Feb 11, 2012

The Arm’s Length Principle

This article has been published in 6th Edition of Gagas Pajak Magazine 

Preface
The term arm's length principle (ALP) is closely related to our understanding of transfer pricing, related party or associated enterprises, and tax avoidance. All these terms can be found in Article 18 paragraph (3) Indonesian Income Tax Law which is one of our anti tax avoidance rule.
The provision affirms that the Director General of Taxes is authorized to re-determine income and expenses as well as determine taxpayer debt as capital to calculate the taxable income for taxpayers who have affiliation with any other taxpayer in accordance with ALP which are not influenced by a related or associated parties relation with using the comparable uncontrolled price method, the resale price method, the cost-plus method or other methods.

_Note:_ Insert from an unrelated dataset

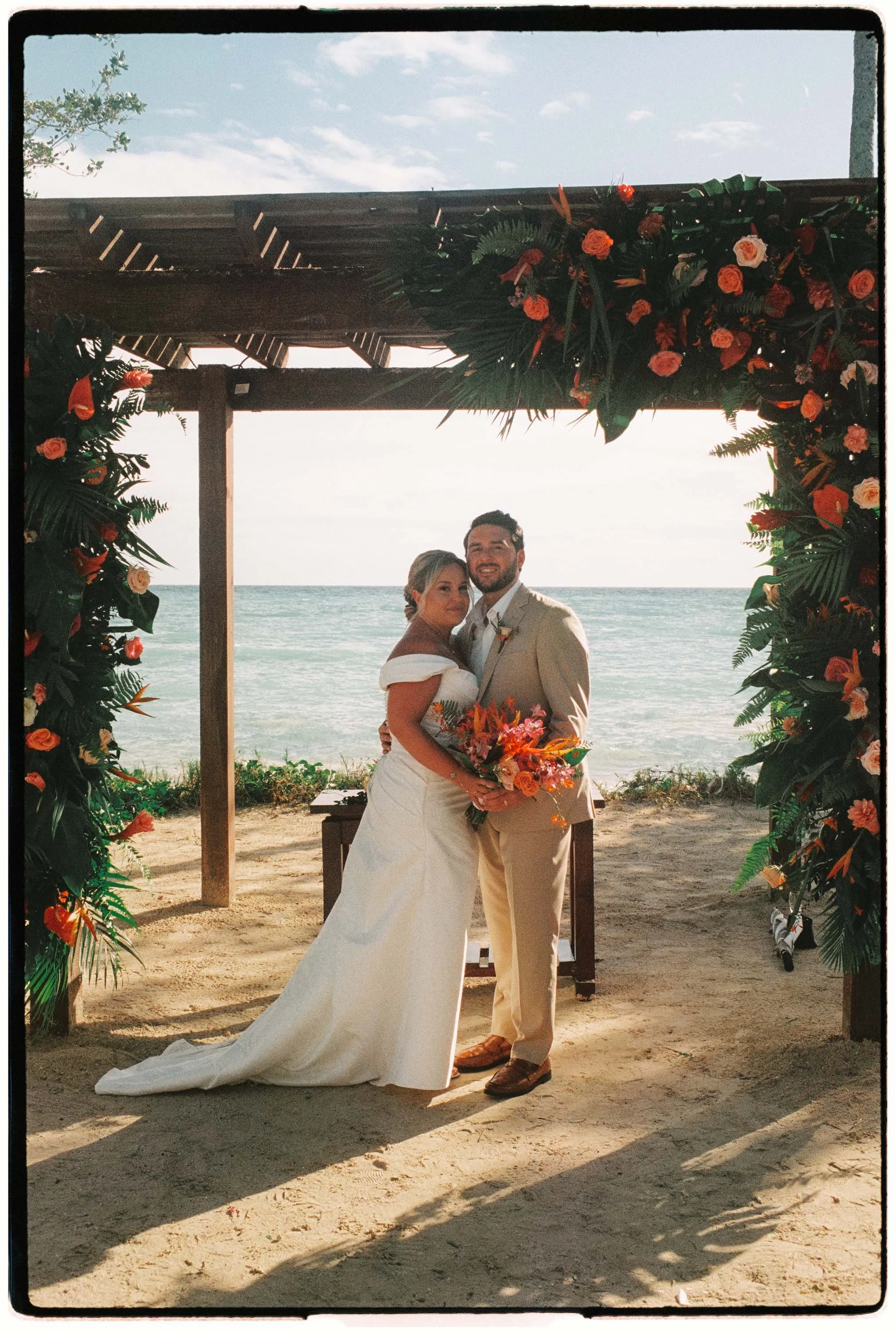 35 film mm photo of the couple standing and looking into the camera. The couple stands under a tropical flower arch and the beach is in the beackground.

As stated in the explanation, the purpose of this provision is to prevent tax avoidance, which can occur because of a related party transaction. If affiliate transactions exist, there is the possibility where taxpayer set the transaction price to minimize taxable income. For that reason, Income Tax Law makes Director General of Taxes to be authorized to re-determine income and expenses as if there is no related parties relation among taxpayers. 

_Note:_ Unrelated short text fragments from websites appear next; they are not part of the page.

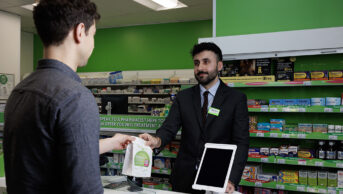 A patient using the Pharmacy First service in Superdrug on Strand, central London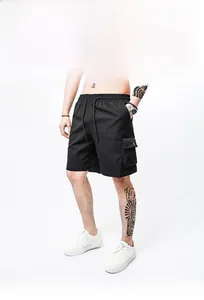 Detail of loose black cargo shorts with elastic drawstring waist and side pocket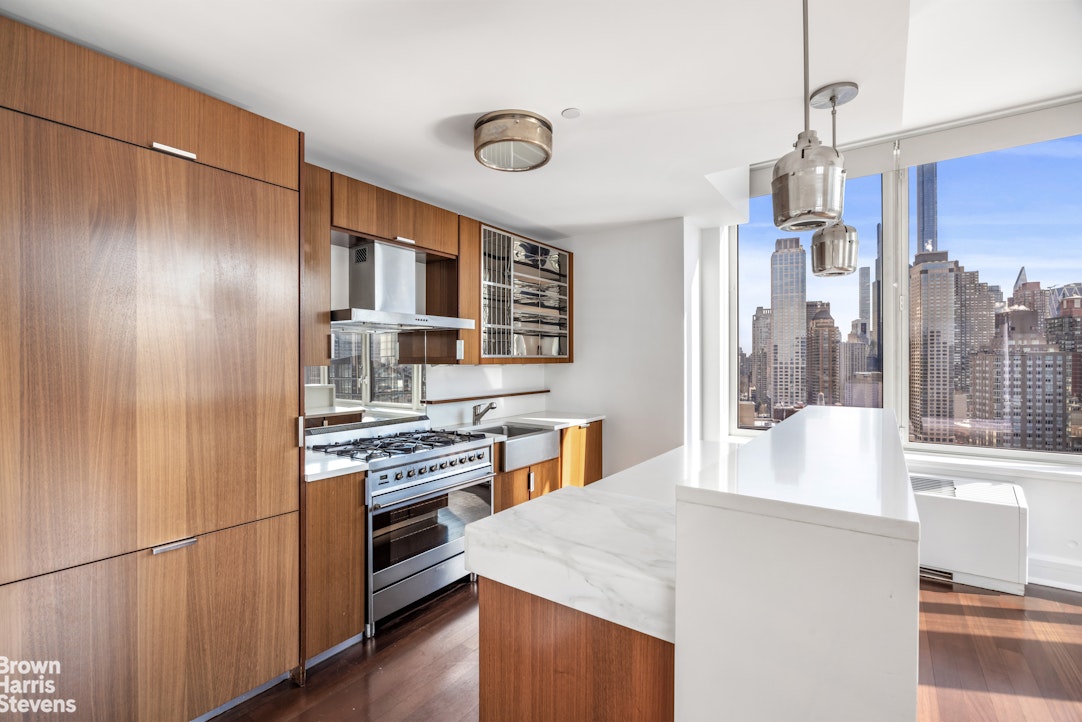 60 Riverside Boulevard, Unit 3004 Manhattan, NY 10069 - Photo 7 of 32 a kitchen with a stove a refrigerator and a view of living room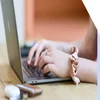 Close-up of a woman's hands typing on a laptop keyboard, showcasing productivity and technology use.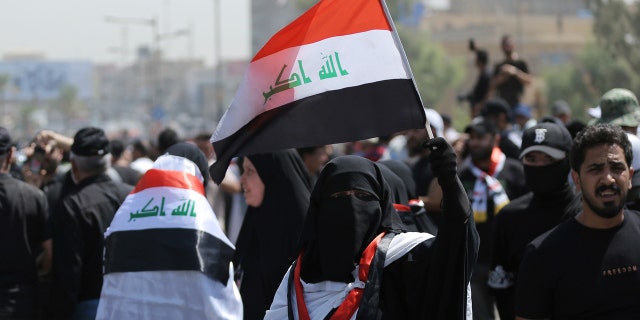 A veiled protester holds an Iraqi flag as people gather near the Green Zone area in Baghdad, Iraq on Saturday, July 30, 2022.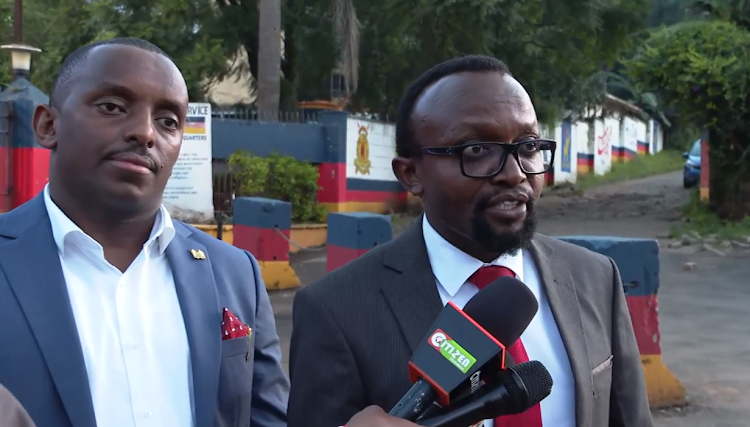 Lawyer Ndegwa Njiru addressing the press outside Nairobi Regional Police Headquarters together with his client Businessman James Wanjohi on Monday, May 6, 2024.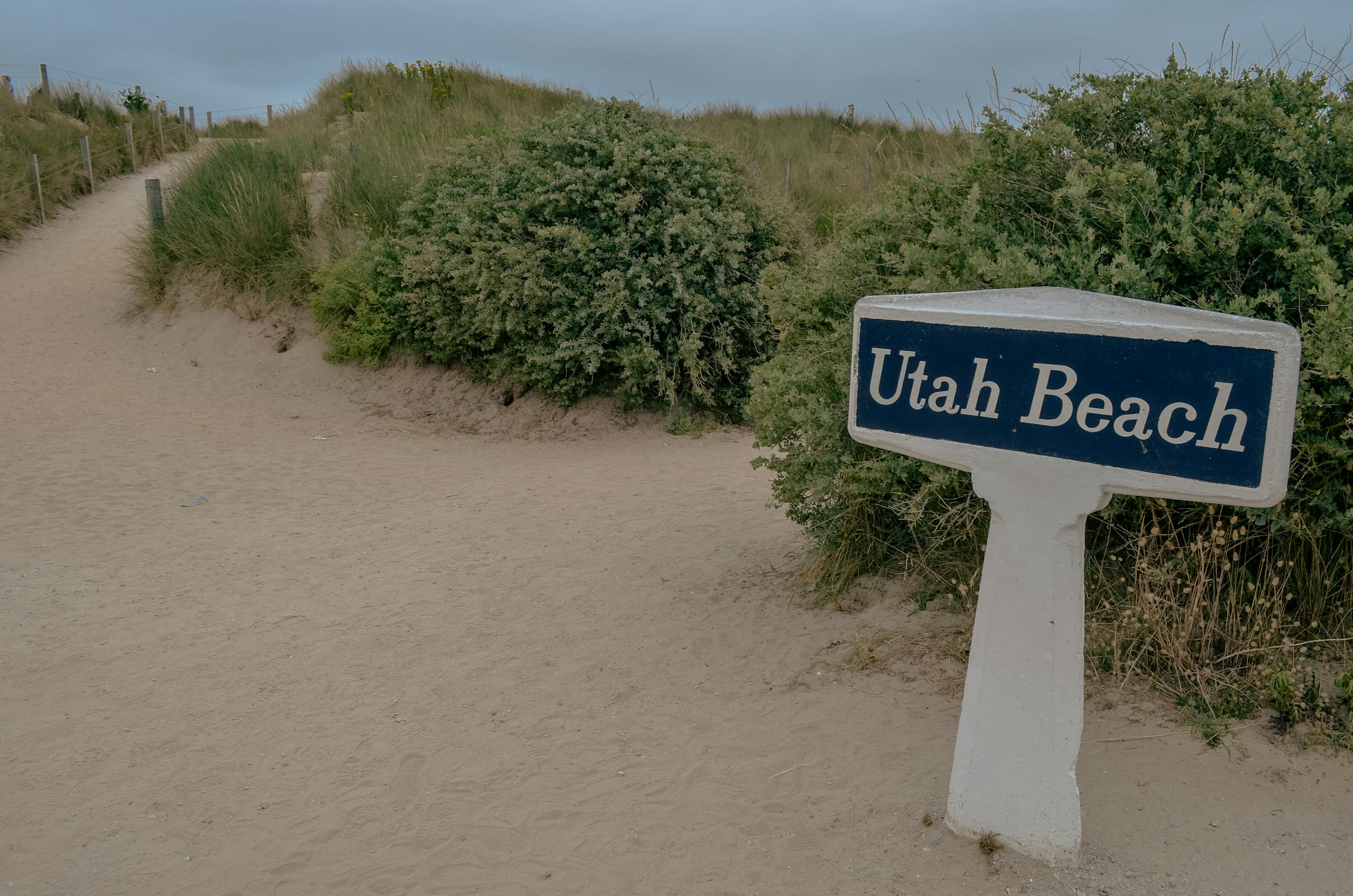 Pathway leading to Utah Beach in Normandy, marked by a distinct sign, famous for WWII history.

To implement the provisions of Article 18 paragraph (3) of Income Tax Law, the Director General of Taxes has issued a Director General of Taxes Regulation Number PER-43/PJ/2010 concerning the Application of Arm’s Length Principle  Between Taxpayers With Related Parties Relation as amended by  Director General of Taxes Regulation Number PER-32/PJ/2011.
Arm’s Lenght Principle and Related Party
That regulation give us understanding about the ALP as a principle which states that if the conditions in transactions between the associated parties are equal or comparable to the conditions in transactions between no associated parties relations as the comparables, then the price or profit in a related parties transactions must be equal to or be in the range of prices or profits in transactions carried out between the parties that have no related parties relation. This provision is in line with on the norms that the price or profit on transactions with no related parties relation are determined by market forces, so that the transaction reflects the fair market value.

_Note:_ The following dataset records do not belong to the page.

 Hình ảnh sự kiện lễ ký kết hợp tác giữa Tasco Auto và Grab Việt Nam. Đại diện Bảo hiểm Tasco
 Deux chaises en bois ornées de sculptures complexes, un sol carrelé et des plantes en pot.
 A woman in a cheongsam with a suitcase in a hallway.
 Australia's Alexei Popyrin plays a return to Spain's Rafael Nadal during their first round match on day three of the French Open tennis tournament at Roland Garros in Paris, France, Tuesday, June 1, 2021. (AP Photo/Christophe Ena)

Why is ALP adopted widely in transfer pricing issue? Based on OECD Transfer Pricing Guidelines, major reasons is that the ALP provided broad parity of tax treatment for members of MNE’s groups and independent enterprises. The ALP puts the associated and independent enterprises on a more equal footing for tax purposes, it avoids the creation of tax advantage or disadvantage that would otherwise distort the relative competitive positions of either type of entity.
So, we can understand that the application of the ALP can be applied to the transaction between taxpayers or parties who in associated party relationship. In other words, if the transaction is conduct by parties who are not in associated party relation, ALP does not need to be applied. 
Well, the understanding of related or associated party relation is provided  in Article 18 paragraph (4) of Income Tax Law and Article 2 paragraph (2) of VAT Law 1984. Base on Article 18 paragraph (4) of Income Tax Law, the related or associated party relation is deemed to exist if meets next condition: 
a.     a Taxpayer who owns directly or indirectly at least 25% of equity of the other Taxpayers or a relationship between Taxpayers through ownership of at least 25% of equity of two or more Taxpayers, as well as relationship between two or more Taxpayers concerned.
b.    a Taxpayer who controls other Taxpayers  or two or more Taxpayers are directly or indirectly under the same control.
c.     a family relationship either through blood or through marriage within one degree of direct or indirect lineage.
However, the associated party term should be referred to tax treaty if there is no same meanings of related party between Indonesia and treaty partner country in case the other party is resident of our treaty partner. In Article 9 of OECD Tax Convention Model, associated enterprises arise where:
a.     an enterprise of a Contracting State participate directly or indirectly in the management, control, or capital of an enterprise of the other Contracting State, or
b.    the same persons participate directly or indirectly  in the management, control or capital of an enterprise of a Contracting State and enterprise of the other Contracting State
and in either case conditions are made or imposed between the two enterprises in their commercial or financial relations which differ from those which would be made between independent enterprises, then any profit which would, but for those conditions, have accrued to one of the enterprises, but, by reasons of those conditions, have not so accrued, may be included in the profits of that enterprise and taxed accordingly.
Obligation to Conduct ALP 
Taxpayers who conduct transactions  above with other party who has related party relation obliged to apply the ALP by doing the following steps: 
1.     conducting comparability analysis and determine the comparables;
2.     determining the appropriate transfer pricing method;
3.     applying ALP based on comparability analysis and transfer pricing methods appropriate to the transaction made between taxpayers with related parties; and 
4.     documenting every step in determining the arm’s length price or profit in accordance with the tax regulations.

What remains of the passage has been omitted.